Habermas, Touraine, Morin, intelectuales nonagenarios irrepetibles
Alain Touraine, fallecido esta semana, pertenecía a toda una estirpe de científicos sociales que se comprometieron con la realidad
Pertenecen a la categoría de grandes científicos sociales, todos ellos fueron escritores de periódicos como parte de su compromiso con la realidad y de la necesidad de influir en lectores no especializados, y derivaron ideológicamente a babor. En sentido amplio se puede decir que fueron socialdemócratas. Generaciones de intelectuales irrepetibles. De ellos hay dos de los más grandes que siguen entre nosotros, el francés Edgar Morin (centenario) y el alemán Jürgen Habermas, discípulo de Adorno, ambos críticos con la gestión que Occidente está haciendo de la guerra de Ucrania. Esta semana acaba de desaparecer Alain Touraine. Para orgullo de este diario, todos los que van a ser citados han firmado habitualmente en las páginas de EL PAÍS (eran fundamentalmente analógicos). Tenían más de 90 años cuando fallecieron.
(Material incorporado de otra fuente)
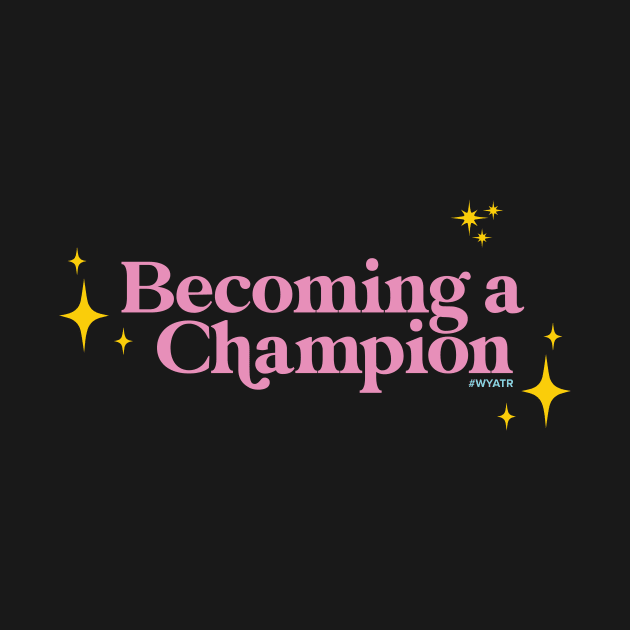 BECOMING A CHAMPION! by Will You Accept This Rose Podcast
Los sociólogos Alain Touraine, francés, y Zygmunt Bauman, polaco, recibieron conjuntamente el Premio Príncipe de Asturias. El primero, un gran europeísta experto en movimientos sociales, explicaba que el neoliberalismo parte de una observación justa y la transformaba en una afirmación falsa. Lo justo es observar la descomposición de los sistemas sociopolíticos de control, orientación y utilización de la economía; la afirmación falsa consiste en identificar el ocaso de los voluntarismos políticos y sociales con un nuevo tipo de sociedad, la sociedad liberal. La economía que se denomina libre es, en realidad, salvaje: la exclusión y las desigualdades aumentan y se multiplican los desórdenes financieros y monetarios.
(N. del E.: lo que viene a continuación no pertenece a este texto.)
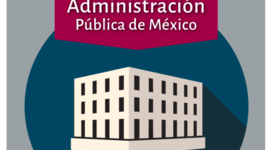 Timeline: Principales cambios por los que ha pasado la Administración Pública Federal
Bauman desarrolló con amplitud el concepto de “lo líquido”. La modernidad “líquida” es aquel periodo de la historia en el que se iban a dejar atrás los temores que dominaron la vida del pasado, los ciudadanos se iban a hacer con el control de sus vidas y domeñarían las fuerzas descontroladas de los mundos político, social y natural; y sin embargo, se vuelve a vivir una época de miedo en la que el temor a las catástrofes naturales (la emergencia climática) se ha unido al pánico a los mercados y a los peligros que, sin previo aviso y en cualquier momento, pueden azotarnos. Temor es el rostro que se utiliza para referirse a la incertidumbre que caracteriza a la era moderna “líquida”.
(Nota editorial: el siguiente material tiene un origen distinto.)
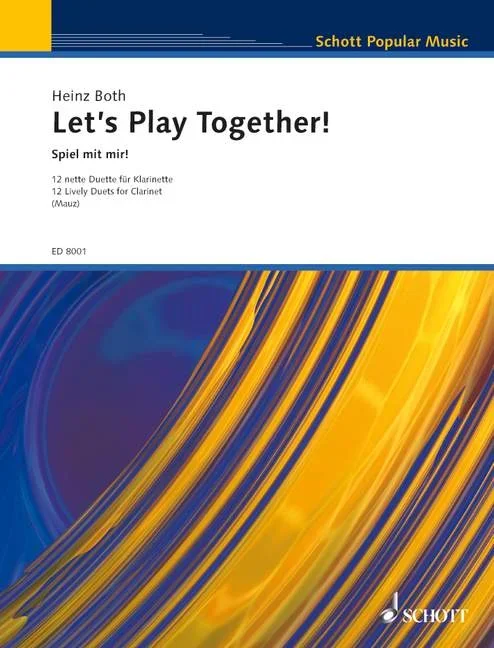 Both, Heinz : Both, Heinz : Let’s Play Together!, 12 Lively Duets for Clarinets – 2 clarinets – Schott Digital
Antes de ellos pasaron tres grandes economistas norteamericanos, también nonagenarios cuando fallecieron. Paul Samuelson, el segundo premio Nobel de Economía desde que el Banco de Suecia dotó el galardón, ha sido, quizá, “el mejor economista de la historia”, según lo describió su colega Kenneth Arrow. Asesor de los presidentes demócratas John F. Kennedy y Lyndon Johnson, es muy conocida su batalla ideológica con los economistas de la Escuela de Chicago y, principalmente, con su científico más relevante, Milton Friedman. El manual de Samuelson Curso de economía moderna es uno de los más vendidos y populares de la historia de la economía. En España fue traducido por otro maestro nonagenario: José Luis Sampedro.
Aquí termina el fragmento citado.